Most of the video cameras of the past five decades have had very small image sensors which keep almost everything in focus, giving what some people despair as the “soap opera” or “news” look. Soap Operas and news adopted video technology early on to accommodate fast production turnarounds, while serial TV shows and movies could afford to wait for film developing. The area that captures the image on 35mm film is about ten times bigger than the image sensors in most video cameras of the late 20th Century, which had a big effect on depth of field.
So, having an affordable video camera that could create a shallow depth-of-field was a long-awaited feature, and has sparked the latest revolution in independent filmmaking.

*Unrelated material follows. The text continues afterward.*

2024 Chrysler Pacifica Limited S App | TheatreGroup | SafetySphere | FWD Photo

That being said, the mediasphere has become saturated with shallow-depth-of-field videography. Personally, I still think it is an enriching feature, but if you’ve grown tired of it, don’t despair. Remember that one of the reasons to use that technique is to create an inviting, immmersive sense of depth. Fortunately there are other ways to do that.
Employ deep staging, in which there are several elements in the scene that capture the viewer’s attention.

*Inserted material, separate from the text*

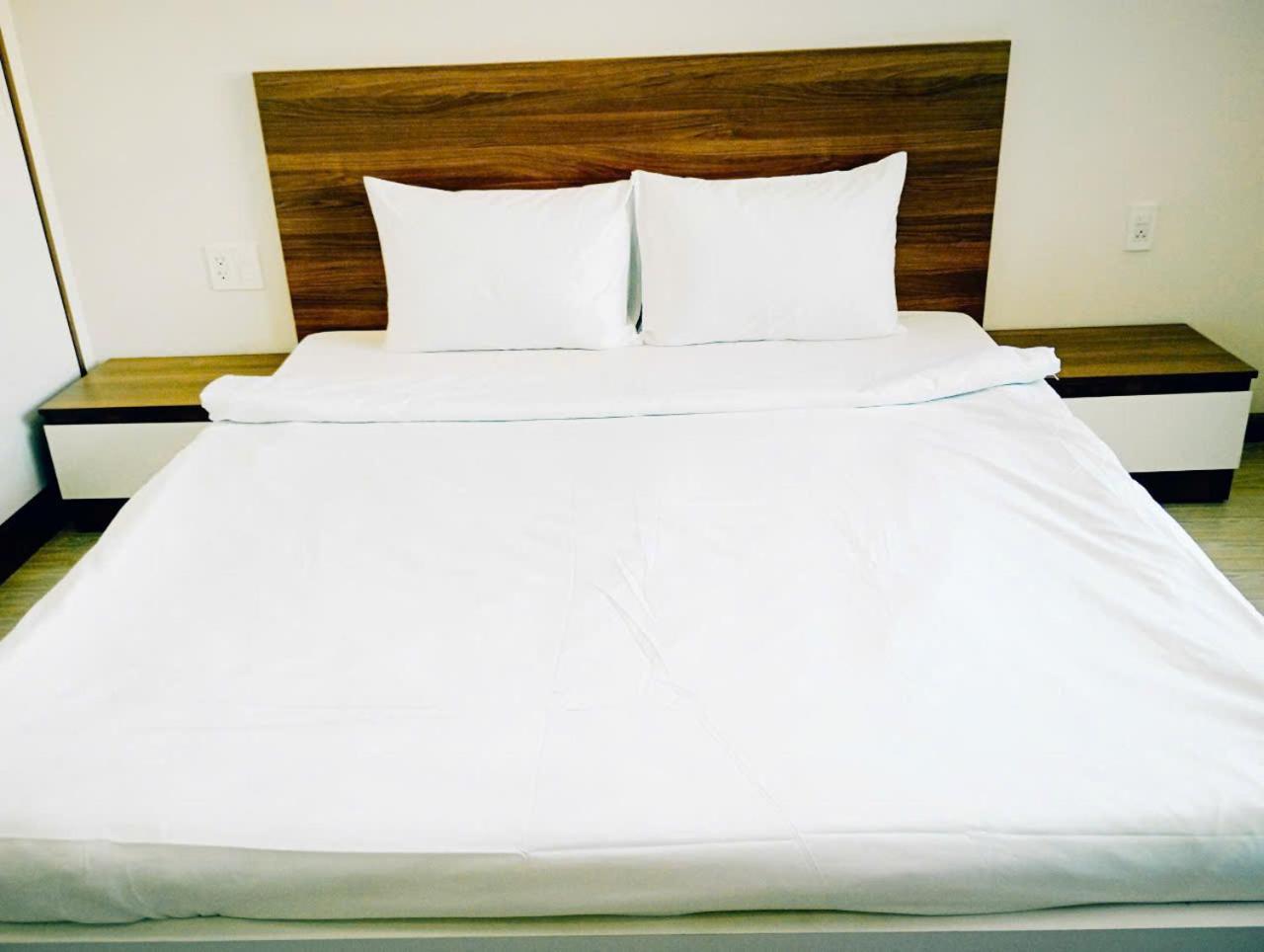 Secc Luxury 2-br Apartment, Scenic Valley, Saigon Exhibition And Convention Center, Fv Hospital, Phu My Hung District 7 Ho Chi Minh City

Use lighting sources that divide the foreground and background so that the scene looks realistic and deep.
Use elements and lines in the composition of the scene that draw the viewer’s attention through the plane of the film into the scene.
And last but not least, immersion is a stylistic choice. There may be a reason that you want to create a flattened scene: to convey how two-dimensional a character’s world is, or allude to another medium that is actually flat. The point is to have the tools to evoke the feeling you want to convey. The Secret of Kells is an animated movie that uses illustrations evocative of The Book of Kells, an 8th century Celtic illuminated manuscript.
The video in this article is an introduction to some of the principles of Depth of Field, lenses, light, and composition.
Thanks for tuning in.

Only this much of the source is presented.